Roportaj: Seyîdxan Kurij
Seyîdxan Kurij: Bir süre önce kamuoyuna ‘’Kürdistani Parti Girişimi’’ adı altında siyasi bir parti kurma çalışması deklere ettiniz. Bu çalışma, önceleri ‘’DDKD liler parti kuruyor’’ şeklinde kamuoyuna yansıdı. Peki gerçekte de böyle midir? Bizi bu proje hakkında bilgilendirebilir misiniz?
Mehmet Gül:
Bu Girişim, DDKD geleneğinden gelen 11 arkadaşımızın çağrısı üzerine başladı. Bu çağrıdan sonra, 27 Nisan 2013’te Diyarbakır’da geniş katılımlı bir toplantı yapıldı. Bu toplantıda, geniş katılımlı, ulusal demokratik talepler ekseninde yeni bir oluşumun örgütlenmesi için ‘Yeni Bir Siyasi Proje İçin Diyalog Komisyonu’ oluşturuldu. Bu Diyalog Komisyonu’nun çağrısıyla da 19-20 Ekimde Diyarbakır’da yeni bir toplantı gerçekleşti. Bu toplantıda, değişik geleneklerden kadroların birey hukuku temelinde katılımıyla alınan karar üzerine ‘Kürdistani Parti Girişimi’i resmen başlamış oldu. Başlangıçta DDKD geleneğinden kadroların insiyatif geliştirmeleri nedeniyle, bir kısım medyada ‘’DDKD liler parti kuruyor’’ şeklinde yer aldı. Ama, artık bu sunuş biçimi sona ermiştir. Bu çalışma, şimdi daha çok netleştiği üzere, Kürt ve Kürdistani bir parti kurma girişimidir.

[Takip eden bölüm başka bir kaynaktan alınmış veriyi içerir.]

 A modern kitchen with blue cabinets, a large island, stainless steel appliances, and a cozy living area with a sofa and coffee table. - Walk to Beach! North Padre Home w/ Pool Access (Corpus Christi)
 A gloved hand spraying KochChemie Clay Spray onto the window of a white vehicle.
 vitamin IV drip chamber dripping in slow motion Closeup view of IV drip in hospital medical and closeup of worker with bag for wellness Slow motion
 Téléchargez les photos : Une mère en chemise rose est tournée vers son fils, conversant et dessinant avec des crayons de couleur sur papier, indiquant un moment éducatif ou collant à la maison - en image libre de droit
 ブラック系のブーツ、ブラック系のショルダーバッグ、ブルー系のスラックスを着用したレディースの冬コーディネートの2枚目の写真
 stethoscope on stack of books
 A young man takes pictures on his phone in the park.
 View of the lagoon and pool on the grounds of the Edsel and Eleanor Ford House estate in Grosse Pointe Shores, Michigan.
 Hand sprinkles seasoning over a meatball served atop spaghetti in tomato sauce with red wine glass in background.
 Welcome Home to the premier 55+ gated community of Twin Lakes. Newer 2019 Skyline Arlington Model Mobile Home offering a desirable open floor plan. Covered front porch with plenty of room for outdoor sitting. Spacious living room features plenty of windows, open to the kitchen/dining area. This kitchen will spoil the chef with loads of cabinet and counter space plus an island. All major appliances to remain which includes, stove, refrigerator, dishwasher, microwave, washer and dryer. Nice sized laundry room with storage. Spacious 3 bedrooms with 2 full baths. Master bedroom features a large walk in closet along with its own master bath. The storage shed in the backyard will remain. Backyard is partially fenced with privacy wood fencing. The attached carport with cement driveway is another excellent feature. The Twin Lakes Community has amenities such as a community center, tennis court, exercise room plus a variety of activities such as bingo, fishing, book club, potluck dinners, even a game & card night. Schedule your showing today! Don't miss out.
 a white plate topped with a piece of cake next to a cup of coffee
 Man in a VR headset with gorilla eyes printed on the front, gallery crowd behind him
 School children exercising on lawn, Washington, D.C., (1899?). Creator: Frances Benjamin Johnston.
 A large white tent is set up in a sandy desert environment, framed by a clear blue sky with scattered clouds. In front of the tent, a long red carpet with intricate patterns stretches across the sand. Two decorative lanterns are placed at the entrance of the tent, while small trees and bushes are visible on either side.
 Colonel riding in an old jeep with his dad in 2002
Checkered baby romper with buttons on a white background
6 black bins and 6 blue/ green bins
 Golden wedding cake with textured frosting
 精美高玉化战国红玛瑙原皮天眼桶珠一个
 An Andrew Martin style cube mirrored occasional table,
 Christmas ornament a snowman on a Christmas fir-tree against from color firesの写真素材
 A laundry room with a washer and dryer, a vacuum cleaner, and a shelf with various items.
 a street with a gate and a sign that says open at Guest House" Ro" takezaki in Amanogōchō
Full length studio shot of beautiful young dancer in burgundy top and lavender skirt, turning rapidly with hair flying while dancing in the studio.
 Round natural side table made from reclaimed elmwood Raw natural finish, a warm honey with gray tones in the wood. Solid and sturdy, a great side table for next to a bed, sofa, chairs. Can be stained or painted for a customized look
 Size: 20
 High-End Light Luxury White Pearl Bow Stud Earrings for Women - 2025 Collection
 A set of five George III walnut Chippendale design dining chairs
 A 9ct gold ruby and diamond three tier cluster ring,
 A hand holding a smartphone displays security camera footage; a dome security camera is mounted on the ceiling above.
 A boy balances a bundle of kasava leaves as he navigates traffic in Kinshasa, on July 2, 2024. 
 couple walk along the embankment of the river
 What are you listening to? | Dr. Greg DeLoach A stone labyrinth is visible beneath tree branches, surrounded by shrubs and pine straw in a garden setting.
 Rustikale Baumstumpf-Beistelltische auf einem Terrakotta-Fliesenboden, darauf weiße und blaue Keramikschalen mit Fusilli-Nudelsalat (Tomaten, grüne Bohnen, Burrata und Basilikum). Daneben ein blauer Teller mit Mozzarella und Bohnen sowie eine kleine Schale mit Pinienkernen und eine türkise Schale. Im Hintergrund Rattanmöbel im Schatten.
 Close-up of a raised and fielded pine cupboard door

Seyîdxan Kurij: Kuzey Kürdistan da 4 kurulmuş parti ve bir o kadar da çevre var iken neden
yeni bir oluşum? Diğerlerinden temel faklılıklarınız nedir?
Mehmet Gül: Herşeyden önce şunu belirtmek gerekir. Evet, bir çok parti var. Ve daha da yeni partiler de olabilir. Bu partilere rağmen,milyonlarca insanımız hala Türk partilerine
oy vermektedir.Yüzbinlerce insanımız da mevcut Kürt partilerini desteklememektedir.Siyaset yapma niyetinde olup da bu partilerden herhangi birini tercih etmemiş onbinlerce insanımız mevcuttur. Tablo bu iken, ‘neden ayrı ve yeni bir parti?’ sorusu anlamsız hale geliyor. Bu potansiyele hitap edecek, bu kitleyi kucaklamayı hedefleyecek bir Girişim’in başlatılmasının meşru temeli, maddi ve manevi zeminini mevcut durumdaki olgulardır. Kaldı ki Girişimimiz, nihai bir biçim almış değlidir; oluşum ve örgütlenme süreci devam ediyor ve deklerasyonumuzda belirtildiği gibi katılımlara açıktır. Bu anlamda, mevcut kimi kesimlerle Kürt ve Kürdistani bir eksende bir araya gelme olasılığı ortadan kalkmış değildir. Yeni katılımlarla bu projenin bir bileşeni olarak aynı mecraya akabiliriz. Ama, biz şu aşamada, net olarak şunu söylüyoruz: Türkiyelileşme
temelinde değil, Kürdistan’ı esas alan bir siyasal oluşuma ihtiyaç vardır. Ve biz de bu ihtiyacı örgütlemek istiyoruz. Biz bir kişi, sınıf, din ya da mezhep partisi olmayacağız. Kendi kendisini yöneten, demokratik katılım ve oluş üzerinde yükselen, iradesi kendi ellerinde olan bir parti kurmaya çalışıyoruz. Dindarından seküler insanına kadar herkesin içinde yer alabileceği, ulusal demokratik, Kürt ve Kürdistani bir kitle partisi olacağız.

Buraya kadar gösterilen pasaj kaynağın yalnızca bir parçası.